◆ **Data block**:
^^^^

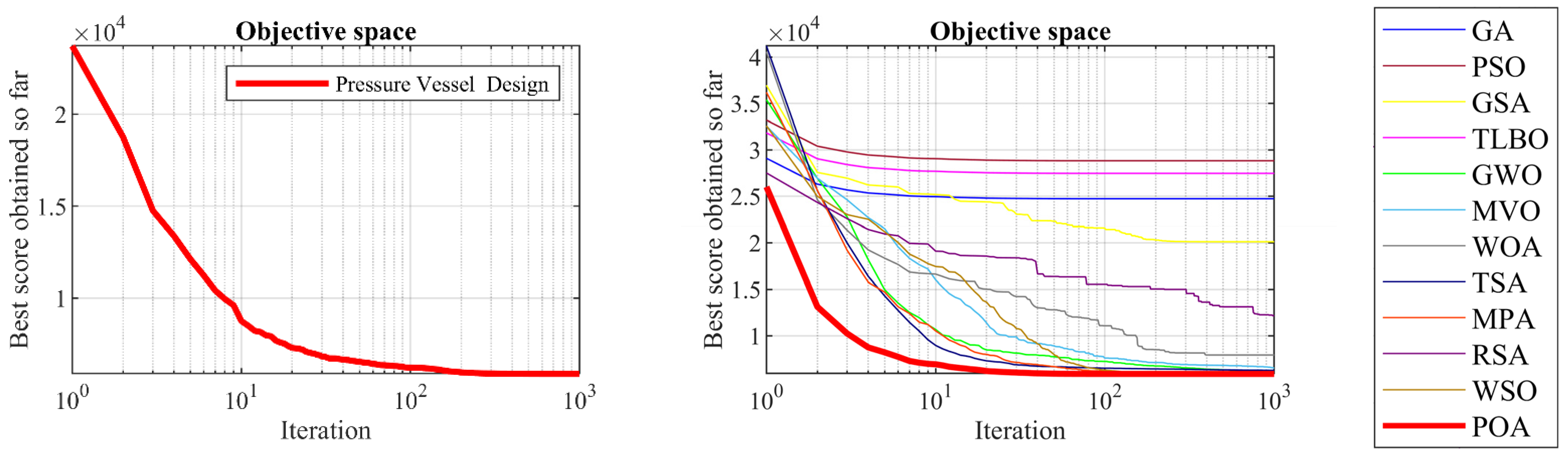 Biomimetics 09 00065 g009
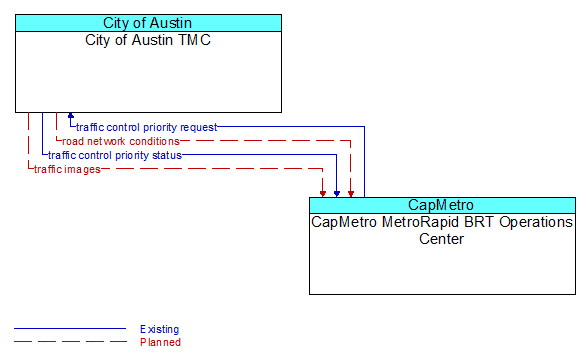 City of Austin TMC to CapMetro MetroRapid BRT Operations Center Interface Diagram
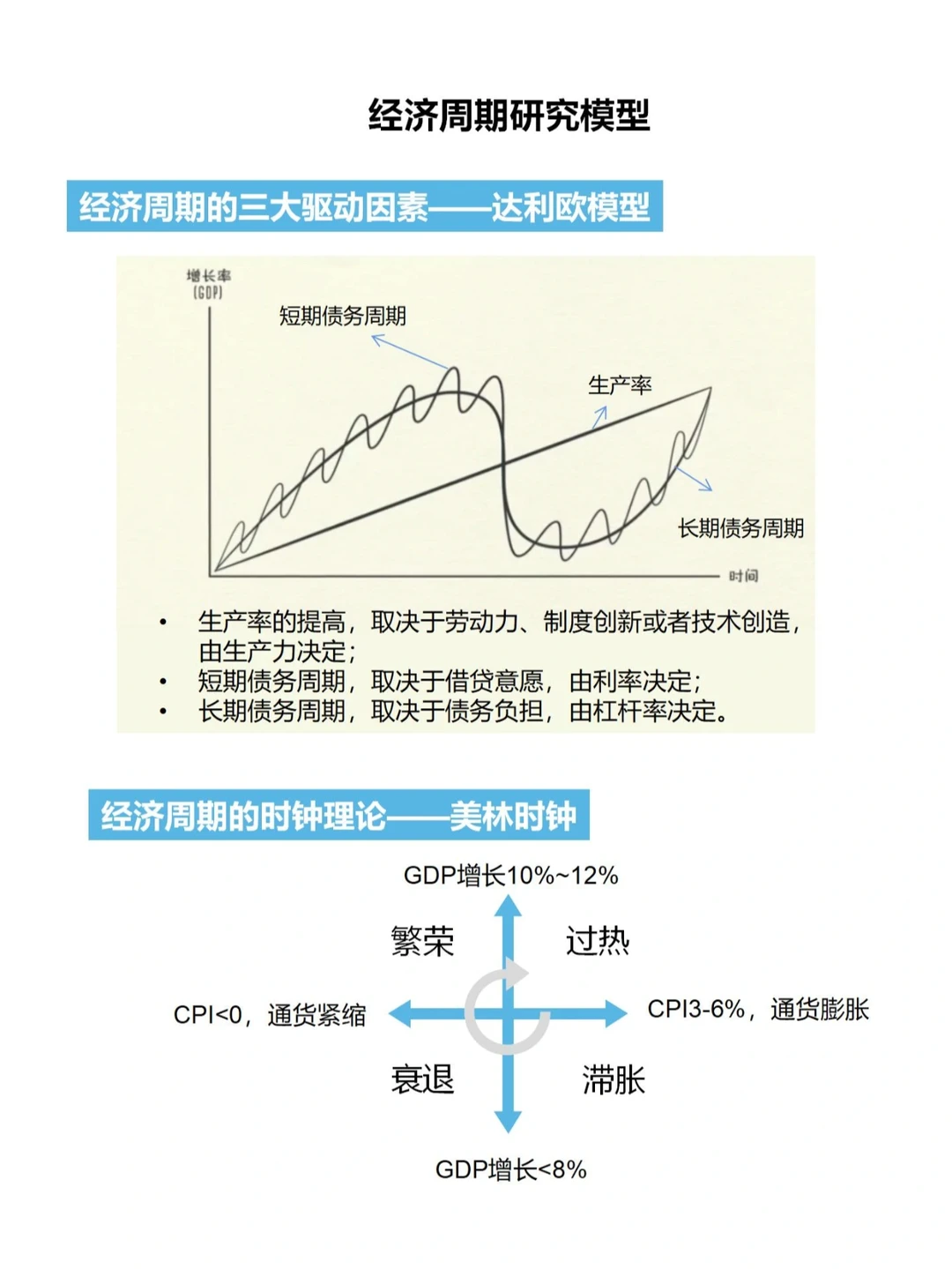 行业研究① | 如何分析宏观经济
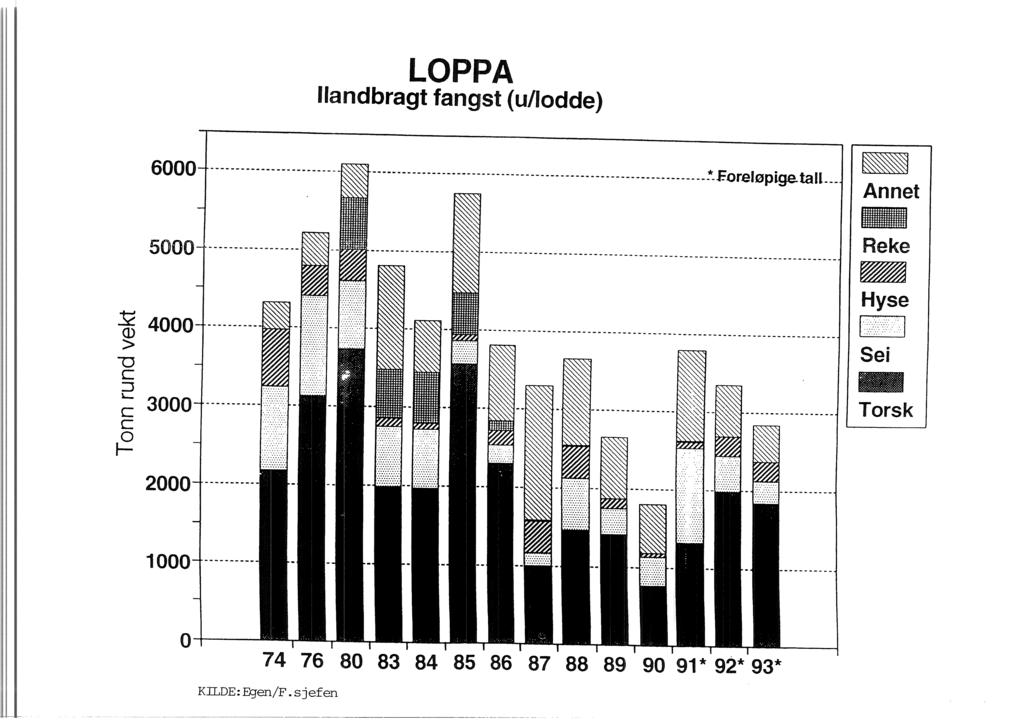 LOPPA llandbragt fangst (u/lodde) ()()()()------------------------- --------------------------------------------------------------------J;()rI"Jltclll.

^^^^

◆ **What to produce**:
Omitting all pictures, give the preceding listing again exactly.

◆ **Task solution**:
 Biomimetics 09 00065 g009
 City of Austin TMC to CapMetro MetroRapid BRT Operations Center Interface Diagram
 行业研究① | 如何分析宏观经济
 LOPPA llandbragt fangst (u/lodde) ()()()()------------------------- --------------------------------------------------------------------J;()rI"Jltclll.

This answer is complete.